The Babylonian Talmud proves that "There is no chronological order in the Torah" from the fact that Numbers 9:1 occurred on the first day of Nisan, while the earlier verse Numbers 1:1 occurred on the first day of Iyyar, a month later. In the ensuing discussion, Rav Pappa limits the application of the rule to cases of different matter, but within a single topic he says the Torah's narrative must be chronological. Later commentators disagree over the definition of a "matter": Rashi defines it as a parashah, while Rabbeinu Hananel defines it as a single topic of discussion.

The first Bible commentator to use the term was Rashi, who used it frequently, as did Ibn Ezra and the Torah Temimah. In contrast, Nachmanides argued that the Torah's order is generally chronological.

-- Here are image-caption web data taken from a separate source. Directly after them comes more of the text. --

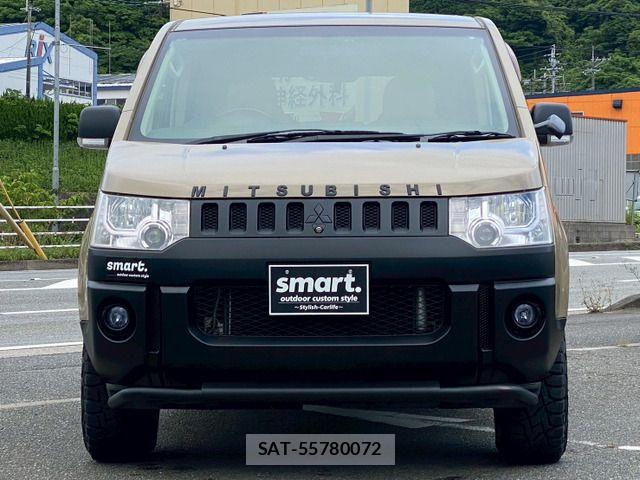 Mitsubishi DELICA 2007-06 7250527-2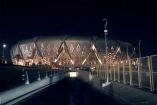 El estadio Rey Abdullah será la sede de los enfrentamientos. Foto: Captura de pantalla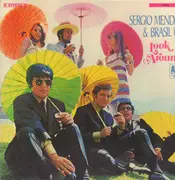 LP - Sérgio Mendes & Brasil '66 - Look Around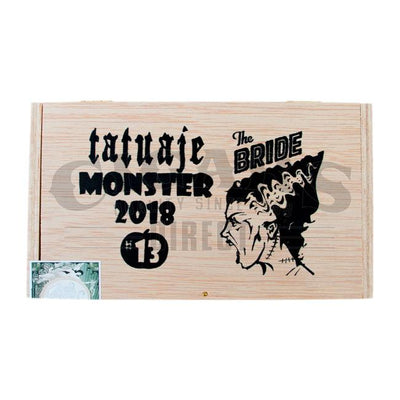 Tatuaje Monster Series Bride No.13 unressed Box Closed
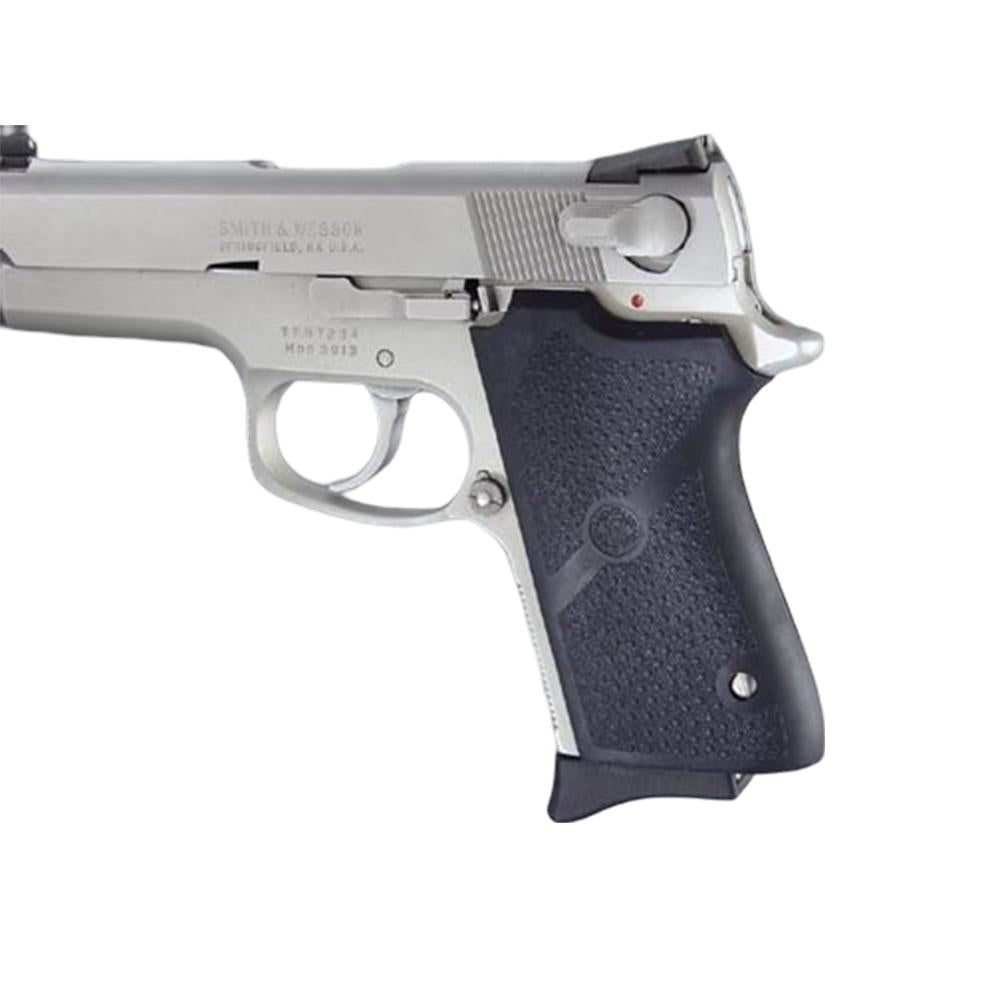 Hogue Rubber Grip Panel for Smith & Wesson 3913 Series Pistols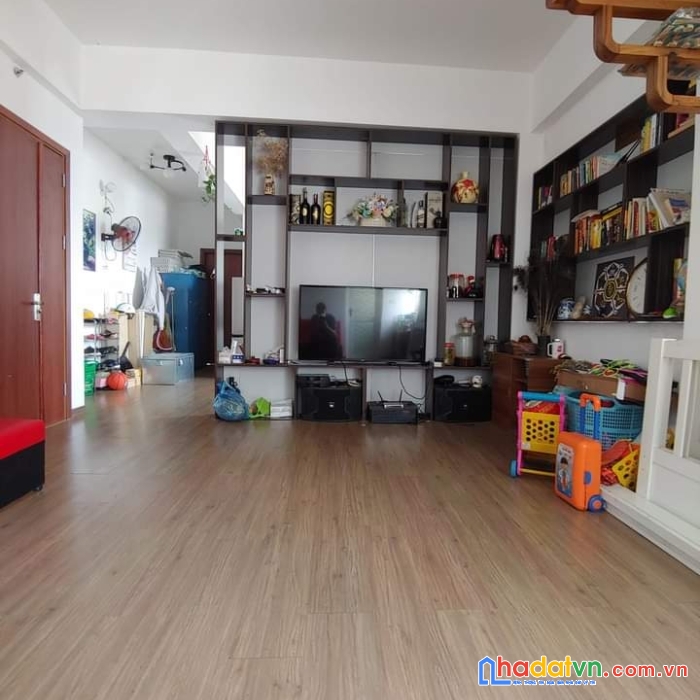 Bán chung cư tabudec plaza , 80m2 , căn góc,  nhà đẹp, tiện nghi, đẳng cấp, giá 1.92 tỷ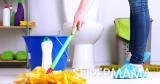 أفضل طريقة لتنظيف الحمام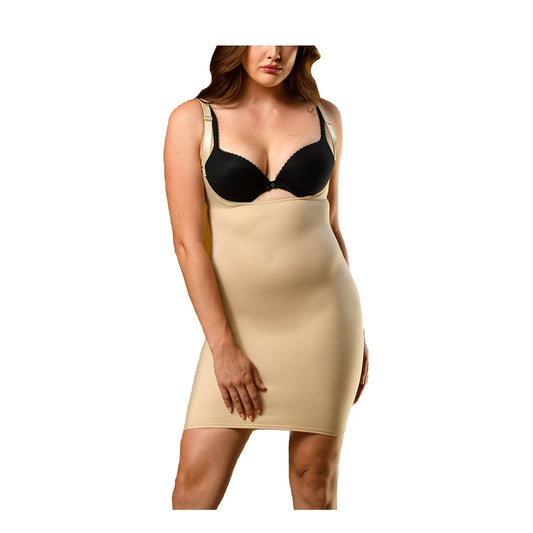 InstantFigure Shapewear Underbust Tank Dress WDS40151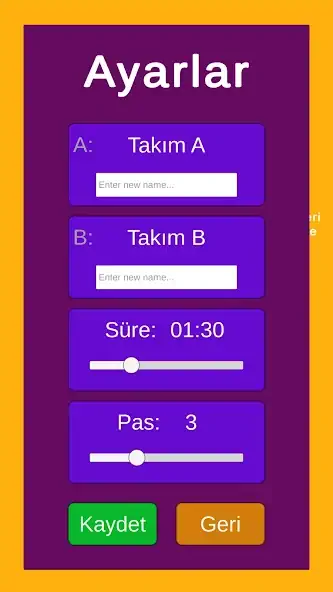 Download Taboo - İnternetsiz Tabu MOD [Unlimited money] + MOD [Menu] APK for Android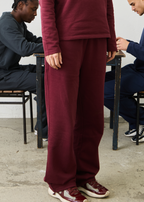 CESA Basic Jogger Burgundy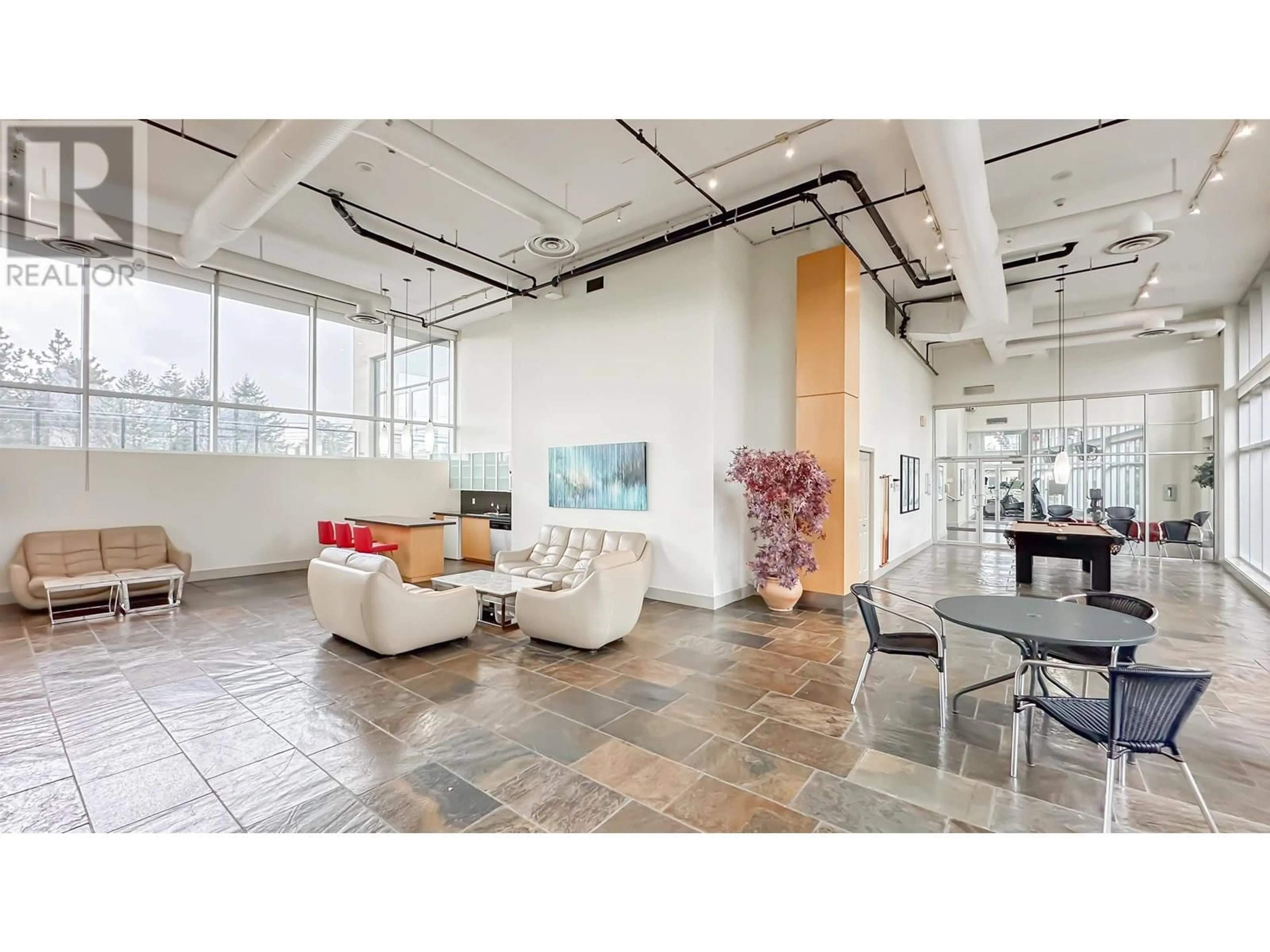 Lobby for 201 - 9180 HEMLOCK DRIVE, Richmond British Columbia V6Y4J5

Raavan argued that the principle only applies in the Torah, and not in the Nevi'im or Ketuvim.

Examples
The commandments in Leviticus 25 are stated as being given to Moses "on Mount Sinai", seemingly earlier in time than the ritual commandments of Leviticus chapters 1–24. Ibn Ezra explains that Leviticus 25 was indeed given before the ritual commandments, but was recorded later due to its thematic connection to the passages around it (Leviticus 18 and 26). In contrast, Nachmanides asserts that the passage is in chronological order, as only at this point did Moses relay to the people the commands he had previously been given on Mount Sinai.